What is needed is an exact reproduction of the lines in the records below, starting at the line with "Scaranelo Veculos |" and ending at the line with "760026350_ZNqaY2Gr_13ecb726593295a8fbbf61f195cfcc4351aec7cf.png", both included, and nothing else; pictures stay out.
--- SOURCE DATA Enclosed Below ---
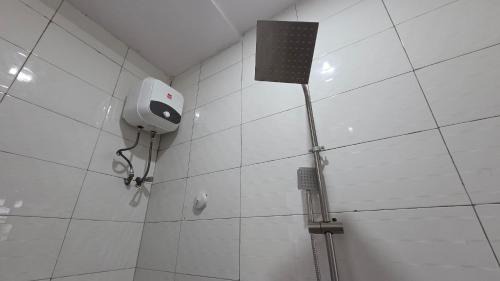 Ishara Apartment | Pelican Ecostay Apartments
--- End of Enclosed SOURCE DATA ---
--- SOURCE DATA Enclosed Below ---
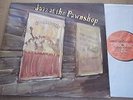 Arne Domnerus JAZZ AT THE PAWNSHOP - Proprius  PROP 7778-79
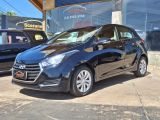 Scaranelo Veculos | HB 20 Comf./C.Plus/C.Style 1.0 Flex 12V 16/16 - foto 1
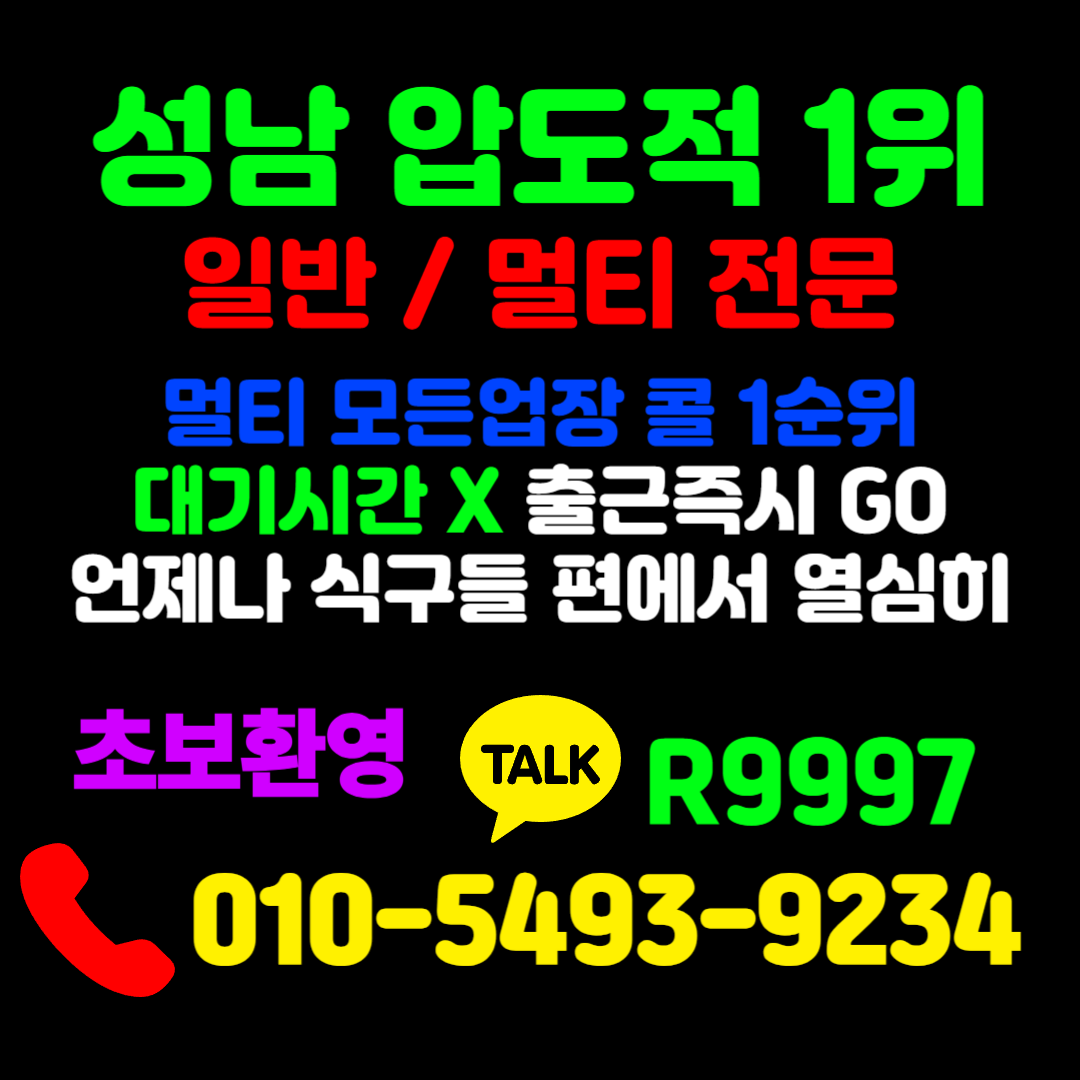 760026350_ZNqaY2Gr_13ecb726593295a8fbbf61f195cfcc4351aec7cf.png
--- End of Enclosed SOURCE DATA ---
--- SOURCE DATA Enclosed Below ---
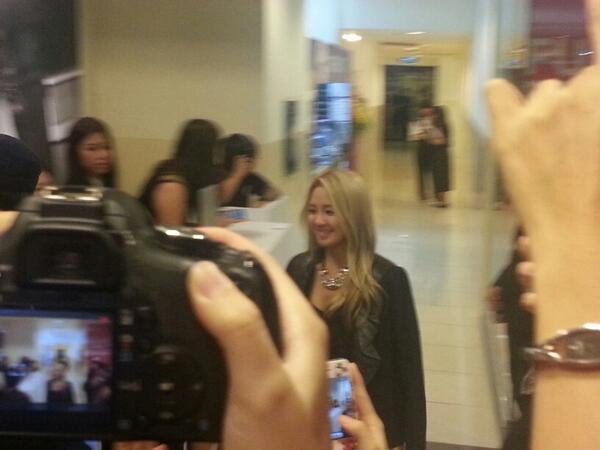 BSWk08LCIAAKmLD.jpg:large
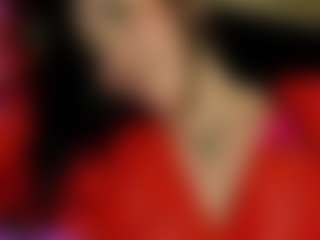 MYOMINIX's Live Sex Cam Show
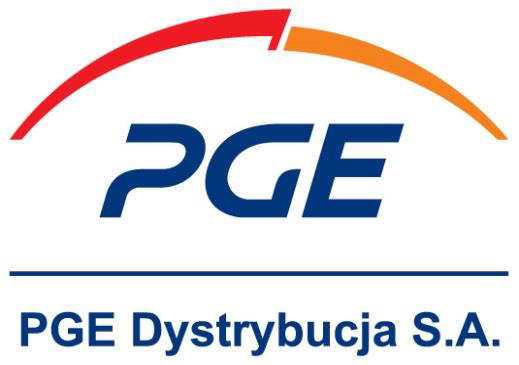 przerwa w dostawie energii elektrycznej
--- End of Enclosed SOURCE DATA ---
=== OUTPUT OF THE TASK ===
 Scaranelo Veculos | HB 20 Comf./C.Plus/C.Style 1.0 Flex 12V 16/16 - foto 1
 760026350_ZNqaY2Gr_13ecb726593295a8fbbf61f195cfcc4351aec7cf.png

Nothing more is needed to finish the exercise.